A Bankrate survey on 2,000 American workers was recently published, which shows that 30 percent of participants have increased their savings rate last year and are continuing to do so. However, the rest of the participants (70 percent) said that they are putting in the same amount, or even less, due to either being okay with their retirement or because their income has decreased. Others in that percentile stated that they had other financial responsibilities that took precedence over their savings, such as an increase in living expenses. Some even just haven’t thought about starting savings.
There was another survey by T. Rowe Price that shows that over half of American adults with children consider paying for a college education is more important than saving up for future retirement. Out of 1,000 survey takers, an incredible amount of 68 percent of people said they would rather delay retirement to be able to cover their children’s college. 24 percent of the 1,000 stated that they already used their retirement savings to pay for a college education.

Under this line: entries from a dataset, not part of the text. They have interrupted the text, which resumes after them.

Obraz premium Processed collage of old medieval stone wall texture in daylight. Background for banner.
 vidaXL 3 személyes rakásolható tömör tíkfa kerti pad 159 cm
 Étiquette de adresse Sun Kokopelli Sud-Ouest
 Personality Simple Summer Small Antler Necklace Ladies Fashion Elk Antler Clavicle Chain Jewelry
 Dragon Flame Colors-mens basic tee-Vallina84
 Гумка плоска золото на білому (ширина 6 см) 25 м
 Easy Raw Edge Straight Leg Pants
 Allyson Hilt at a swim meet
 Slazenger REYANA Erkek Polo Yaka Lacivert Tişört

Chief Financial Analyst, Greg McBride, from Bankrate, states that with reasons that Americans give about not increasing savings rates or giving priority to savings due to other financial priorities such as living expenses or just not having time to really start shows that there isn’t a change in priorities of savings.
It can be said that without surprise, the Bankrate survey revealed that workers making under $30,000 annually are more likely than workers earning $75,000 or more to have lowered their savings either last year or this year.
Even though the cost of living is skyrocketing in the U.S., not having a high income is not an excuse to not save for your retirement. It is always best to save what you can, even if you have to start at pennies.
By putting in what you can, especially at an early age and continuously, to investment accounts with tax advantages like a 401(k) or IRAs, it will make retiring possibly easier even without a high paying salary.
Many financial advisors state that treating your retirement savings as an expense that is the first thing taken from your pay helps to make your retirement a priority. A common way to calculate how much income you need to have before you can retire is by taking your annual goal amount and dividing it by 4 percent to get the total amount. Once you have that amount saved up, you can retire without concern.”